15. The method of claim 12, wherein the at least one second filter comprises a loudspeaker effect filter for cancelling distortions at least partially caused by a circuitry comprising the head-mounted device and the first loudspeaker detached from the head-mounted device.

16. The method of claim 15, wherein coefficients for the first loudspeaker in the loudspeaker effect filter are selected according to a distance between the first loudspeaker and the head-mounted device.

17. The method of claim 12, wherein the system further comprises a memory, and modifying the first audio signal comprises:

in response to that the first loudspeaker is coupled to the head-mounted device, obtaining a practical frequency response of an echo of sounds generated by the first loudspeaker based on a reference audio signal; and

in response to that the practical frequency response is substantially different from an ideal frequency response stored in the memory, applying a position compensation filter of the at least one first filter to the first audio signal, wherein the position compensation filter is configured to render the echo have a modified frequency response substantially same as the ideal frequency response.

18. The method of claim 12, wherein the system further comprises a second loudspeaker detachable from the head-mounted device, and the method further comprises:

in response to that the first loudspeaker and the second loudspeaker are coupled to the head-mounted device on opposite first and second terminals of the head-mounted device, respectively, and in response to that the filtered first audio signal has a sound channel corresponding to the second terminal, transmitting a filtered second audio signal previously transmitted to the second loudspeaker to the first loudspeaker, and transmitting the filtered first audio signal to the second loudspeaker.

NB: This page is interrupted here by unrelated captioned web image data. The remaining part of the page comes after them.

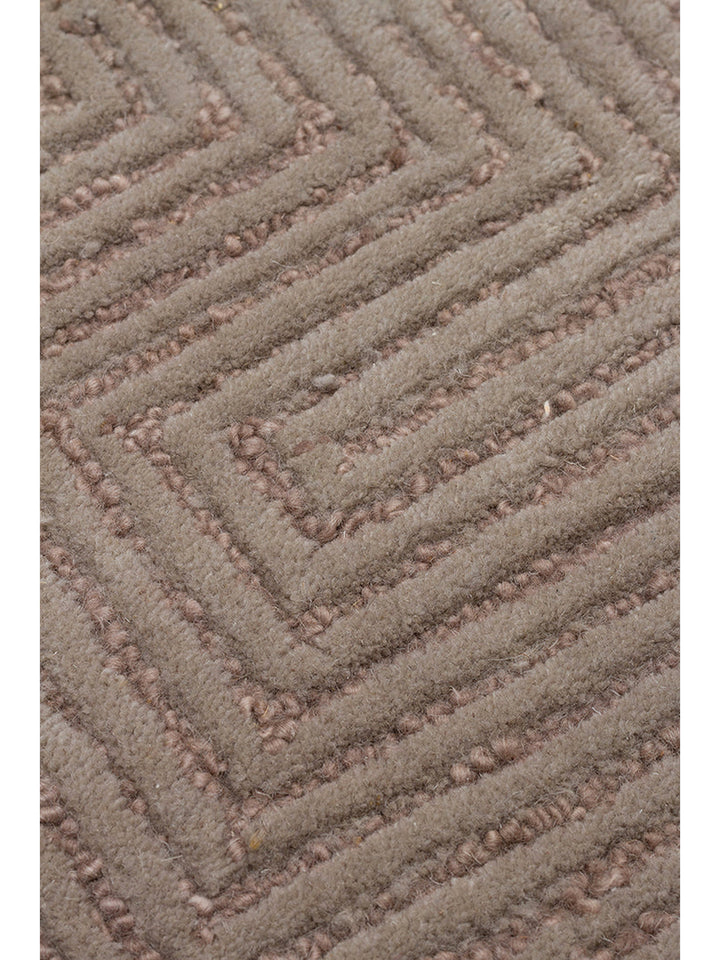 Alfombra tejida a mano de mezcla de lana y algodón serie Milano GREY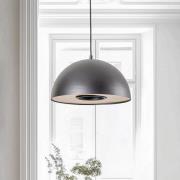 Luminex Pendellampa Drew i svart med trädekor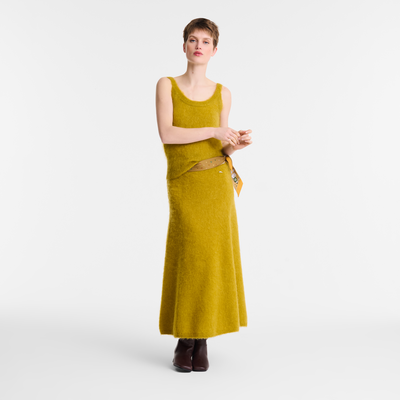 Midi skirt , Nutmeg - Knit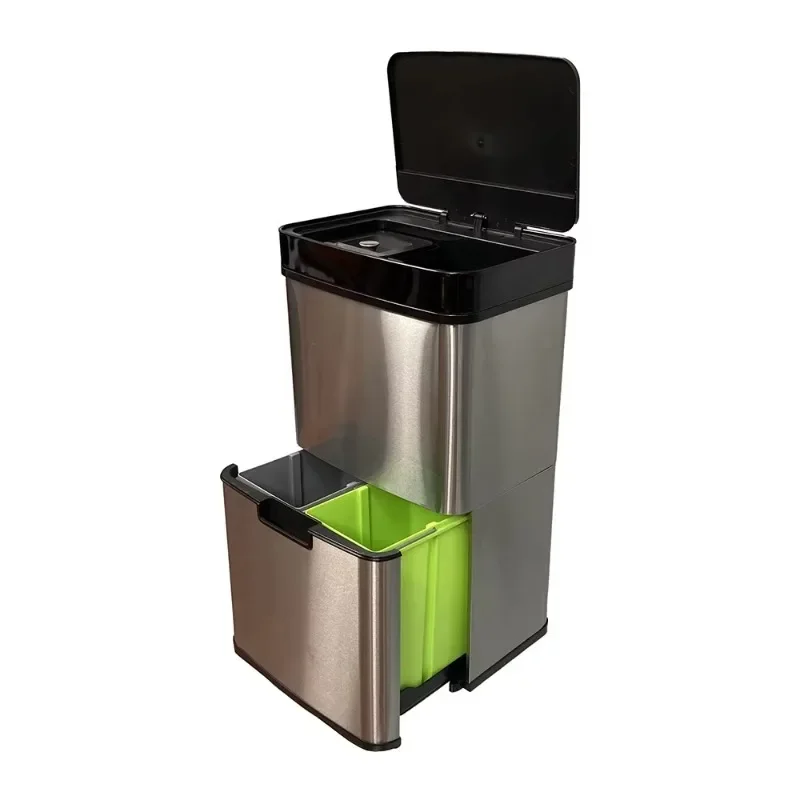 Intelligent induction kitchen automatic trash can anti-scratch and wear-resistant, long-lasting appearance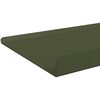 vidaXL Flytende hylle 4 pcs Olivengr&oslash;nn 80 x 18 x 2,5 cm St&aring;l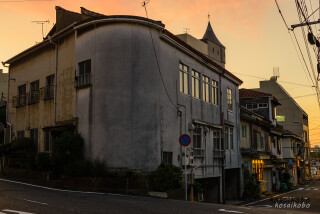 夕暮れ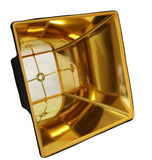 10" Black with Gold Lining Square Bell Shantung Lampshade - Homeroots - Flyclothing LLC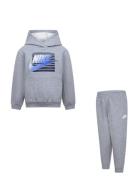 Nike Nike Sportswear Gradient Futura Pullover Hoodie And Pants Set Grå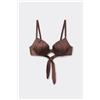 Tezenis Bikini Push-up Leggermente Imbottito Shiny Glam Choco Donna Marrone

19. The method of claim 12, wherein the system further comprises a second loudspeaker detachable from the head-mounted device, and the method further comprises:

in response to that the first loudspeaker and the second loudspeaker are detached from the head-mounted device and respectively in a first position and a second position where the head-mounted device is substantially in between, and in response to that the filtered first audio signal has a sound channel corresponding to the second position, transmitting a filtered second audio signal previously transmitted to the second loudspeaker to the first loudspeaker, and transmitting the filtered first audio signal to the second loudspeaker.

20. The method of claim 12, wherein the at least one second filter comprises a crosstalk cancellation filter and a head-related transfer function (HRTF) filter.

21. A non-transitory computer readable storage medium, storing a plurality of computer readable instructions for controlling a system comprising at least one processor, a head-mounted device and a first loudspeaker detachable from the head-mounted device, wherein the head-mounted device comprises a first position tracking circuit configured to generate first position information and first orientation information, and the first loudspeaker comprises a second position tracking circuit configured to generate second position information and second orientation information, wherein the plurality of computer readable instructions, when being executed by the at least one processor, causing the at least one processor to perform:

processing the first position information, the second position information, the first orientation information and the second orientation information to determine a position and an orientation of the first loudspeaker relative to the head-mounted device, so as to determine whether the first loudspeaker is detached from the head-mounted device;

modifying a first audio signal by at least one first filter or at least one second filter to generate a filtered first audio signal, wherein the at least one first filter is used in response to that the first loudspeaker is coupled to the head-mounted device, and the at least one second filter is used in response to that the first loudspeaker is detached from the head-mounted device; and

transmitting the filtered first audio signal to the first loudspeaker to drive the first loudspeaker.